Den neuen Kurzprosaband „Menschen und andere Träume“ des 1950 in Nitzkydorf geborenen Autors Balthasar Waitz, eine „Säule des deutschsprachigen kulturellen Lebens und der ‚Stafette‘“, stellte der
Literaturwissenschaftler Dr. Walter Engel vor. Waitz habe seinen eigenen Erzählstil gefunden, mit dem Band „Krähensommer“ (2011, eine zweite Auflage ist 2016 erschienen) sei ihm „ein wirklich großer Wurf gelungen, der ohne Weiteres im deutschen Sprachraum seinen Platz hat“. Mit dem neuen Band setze der Autor diese Erzähllinie fort, verlagere aber den Raum des Geschehens in die Stadt. Es gehe um Menschen, deren Biografien die Umbruchzeit verändert hat. Waitz schildere Biografien und Charaktere einfühlsam, mit einer unglaublichen Natürlichkeit, einer gewissen Lockerheit und dem ihm eigenen Humor, so Engel.

An die Buchpräsentation schlossen sich jeweils Lesungen der Autoren an. Während Curescu, Burghardt und Tari aus ihren neu erschienenen Bänden lasen, bot Balthasar Waitz einen Auszug aus dem Romanmanuskript mit dem Arbeitstitel „Das rote Akkordeon“.

Es folgten zwei weitere Buchvorstellungen von Gästen der Jubiläumsveranstaltung. Peter Wassertheurer, promovierter Historiker aus Wien, präsentierte seinen in diesem Jahr erschienenen Lyrikband „Gegenüber der Grenze“ und las mehrere Texte daraus. In diesen Gedichten, die in einem Zeitraum von zehn Jahren entstanden sind, arbeitet der Autor seine Erfahrungen und Empfindungen, die er bei seinen Reisen durch die Länder Südost- und Osteuropas gewonnen hat, literarisch auf. Es geht dabei um das Schicksal der deutschen Minderheiten, um verlassene Landschaften und Dörfer, die Wassertheurer in stimmungsvollen Gedichten und einer bildhaften Sprache beschreibt.

Anschließend lud Christel Ungar-Ţopescu, Chefredakteurin der deutschen Sendung des rumänischen Fernsehens TVR, zu einem mit Musik untermalten Lyrikabend ein. Sie stellte ihren neuen zweisprachigen Gedichtband vor, der unter dem Titel „Rot/Roșu“ in diesem Jahr erschienen ist. Ihre Schwester Beatrice Ungar übertrug die Gedichte ins Rumänische.
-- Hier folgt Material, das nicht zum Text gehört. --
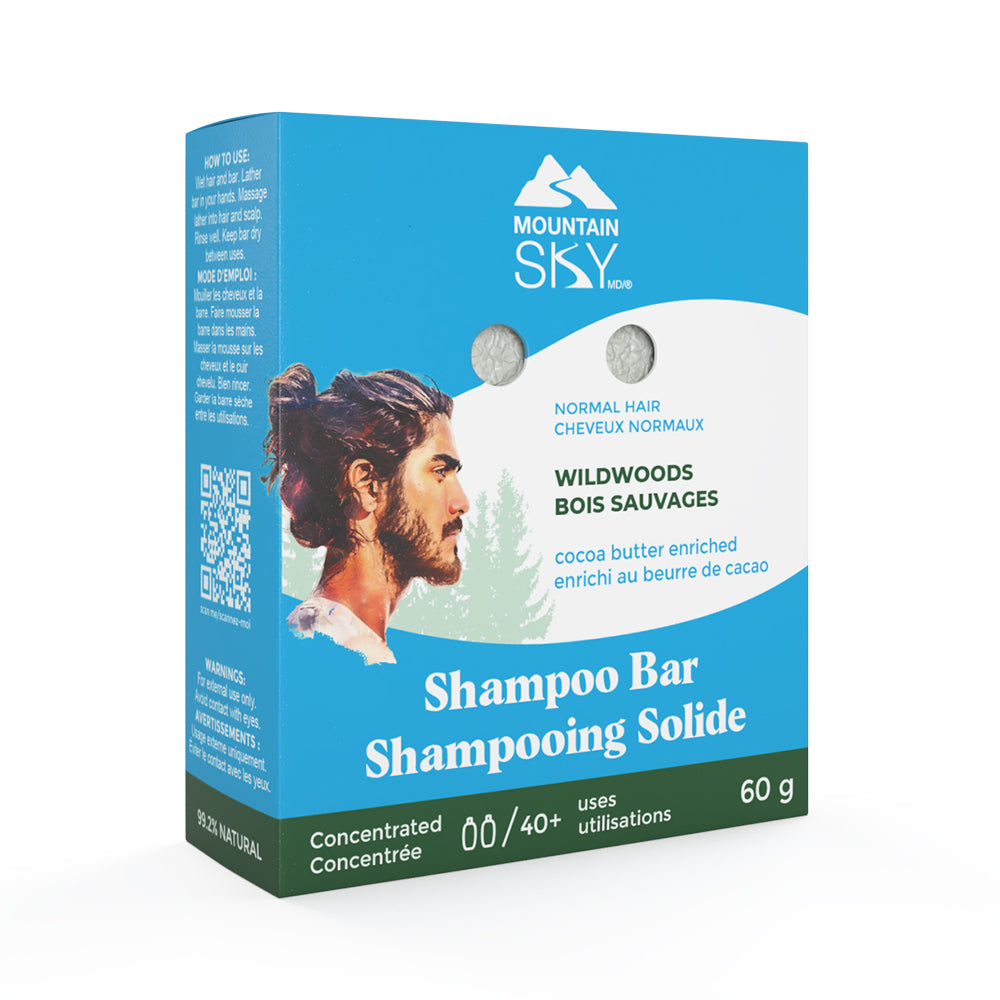 Mountain Sky Shampoo Bar, 6 Scents, 60g - Wildwoods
Franz Kattesch und Simona Vintilă, Schauspieler am Deutschen Staatstheater Temeswar, trugen einige der Liebesgedichte auf Deutsch und Rumänisch vor.

Autorenlesungen

Am Vormittag des zweiten Tages kamen die Geburtstagskinder zu Wort, die von nah und fern angereist waren, um das 25-jährige Bestehen ihres Literaturkreises gemeinsam zu feiern und im Rahmen einer von Henrike Brădiceanu-Persem moderierten Lesung Kostproben ihres Schaffens zu bieten. Die von Alexander Gerdanovits, Lorette Brădiceanu-Persem, Lucian Manuel Vărşăndan, Henrike Brădiceanu-Persem, Michael Fernbach, Balthasar Waitz, Petra Curescu, Benjamin Burghardt, Robert Tari, Bianca Barbu, Arthur Funk, Alexandrina Paul, Else von Schuster, Dietlinde Huhn, Ignaz Bernhard Fischer und Helen Alba-Kling vorgetragenen Texte vermittelten einen Eindruck von der Bandbreite und Vielfalt der Genres, Themen und Ausdrucksformen, derer sich die „Stafette“-Mitglieder bedienen. Als Gast las die ungarndeutsche Autorin Angela Korb aus Budapest.

Zum Abschluss der Jubiläumsveranstaltung wurde ein buntes Kulturprogramm mit Liedern und Tänzen aus dem Banat geboten. Mit von der Partie waren die Jungendtanzgruppen „Buntes Sträußchen“ aus Großsanktnikolaus und „Edelweiß“ aus Detta, die Seniorentanzgruppe „Bunter Herbstreigen“ aus Temeswar sowie der „Temeswarer Liederkranz“, der sein Programm unter das Motto „Mosaiksteine der Temeswarer Kulturgeschichte“ stellte. Durch das Programm führte in Guttenbrunner Kirchweihtracht Martina Nenadov, Schülerin der 7. Klasse der Lenauschule.